Characteristics—Anaerobic, gram-positive, spore-forming rods.
Habitat and Transmission—Habitat is soil and human colon. Myonecrosis results from contamination of wound with soil
or feces. Food poisoning is transmitted by ingestion of contaminated food.
Pathogenesis—Gas gangrene in wounds is caused by germination of spores under anaerobic conditions and the
production of several cytotoxic factors, especially alpha toxin, a lecithinase that cleaves cell membranes. Gas in tissue
(CO2 and H2) is produced by organism’s anaerobic metabolism. Food poisoning is caused by production of enterotoxin
within the gut. Enterotoxin acts as a superantigen, similar to that of S. aureus.

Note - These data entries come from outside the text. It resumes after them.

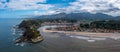 Drone view of Ribadesella and the Sella River estuary on the north coast of Spain in Asturias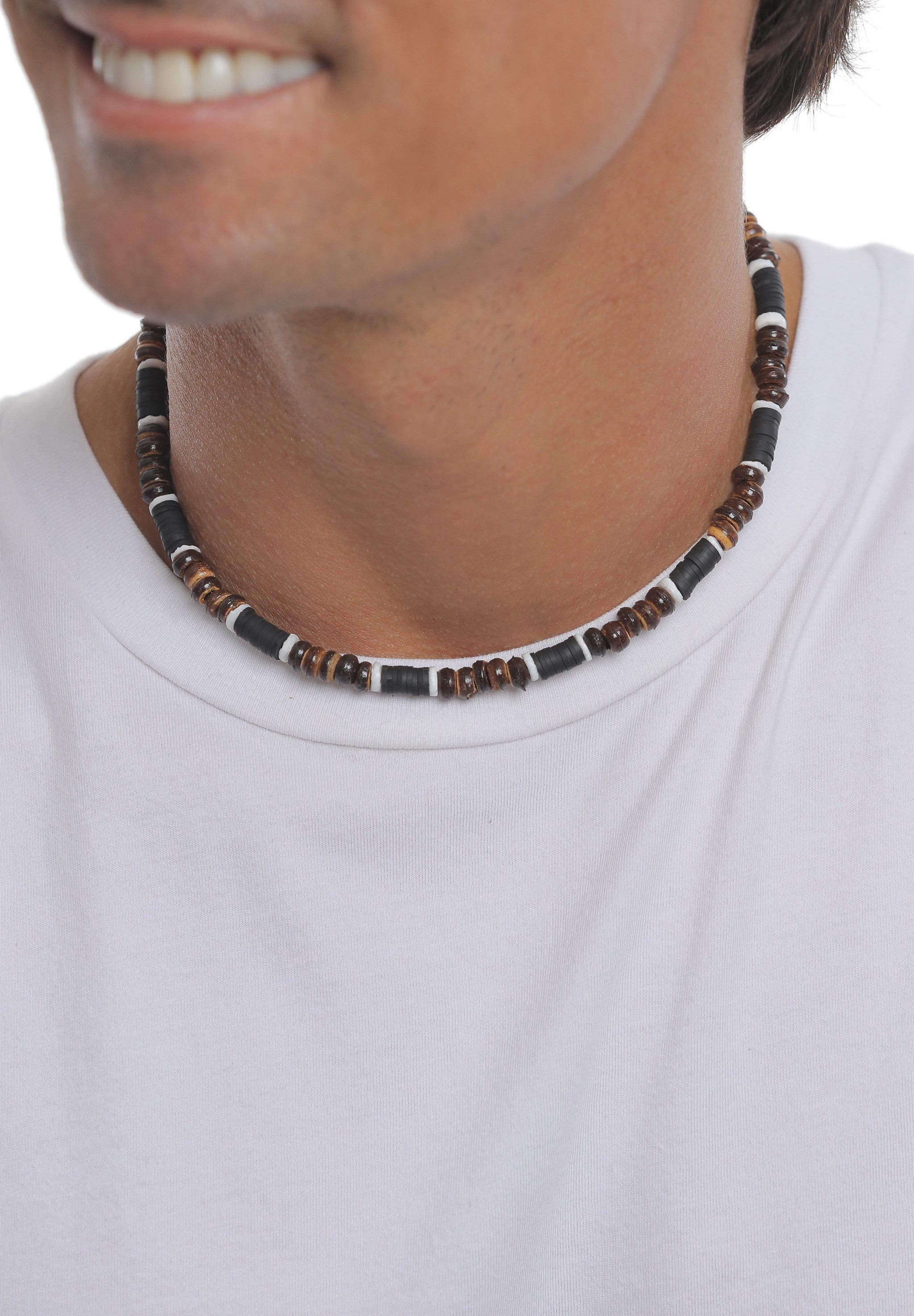 Kuzzoi Silberkette Herren Heishi Beads Vintage Surfer 925 Silber, Heishi Beads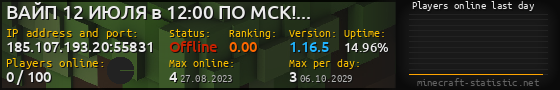 Userbar 560x90 with online players chart for server 185.107.193.20:55831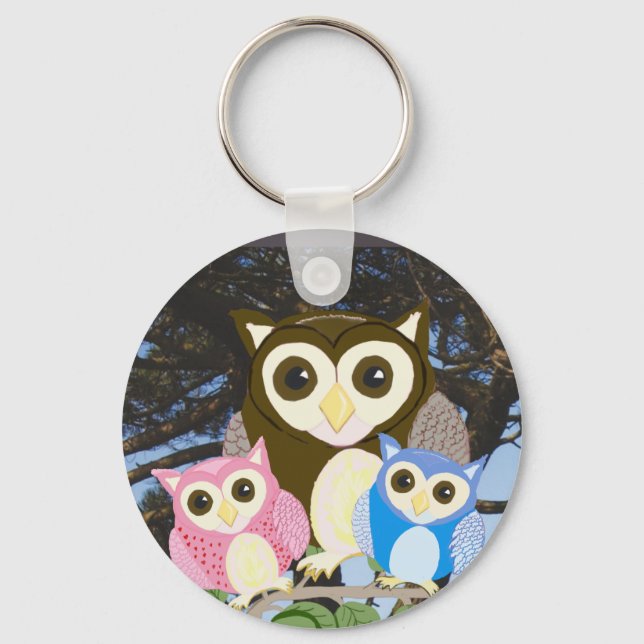 Llavero Colourful Owls in a Tree (Anverso)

Laboratory Diagnosis—Gram-stained smear plus anaerobic culture. Spores not usually seen in clinical specimens; the
organism is growing, and nutrients are not restricted. Production of lecithinase is detected on egg yolk agar and
identified by enzyme inhibition with specific antiserum. Serologic tests not useful.
Treatment—Penicillin G plus debridement of the wound in gas gangrene (no significant resistance to penicillin). Only
symptomatic treatment needed in food poisoning.
Prevention—Extensive debridement of the wound plus administration of penicillin decreases probability of gas
gangrene. There is no vaccine.
4. Clostridium difficile
Disease—Pseudomembranous colitis. Characteristics—Anaerobic, gram-positive, spore-forming rods. Habitat and
Transmission—Habitat is the human colon. Transmission is fecal–oral.
Pathogenesis—Antibiotics suppress normal flora of colon, allowing C. difficile to overgrow and produce large amounts of
exotoxins. Exotoxins A and B inhibit GTPases, causing inhibition of signal transduction and depolymerization of actin
filaments. This leads to apoptosis and death of enterocytes. The pseudomembranes seen in the colon are the visual
result of the death of enterocytes.
Laboratory Diagnosis—Exotoxin in the stool is typically detected by using known antibody to the toxin in an ELISA test or
by polymerase chain reaction (PCR) assay. Exotoxin in stool can also be detected by cytopathic effect on cultured cells.
Identified by neutralization of cytopathic effect with known antibody.
Treatment—Metronidazole. Vancomycin, although effective, should not be used because it may select for vancomycin-
resistant enterococci. Prevention—No vaccine or drug is available.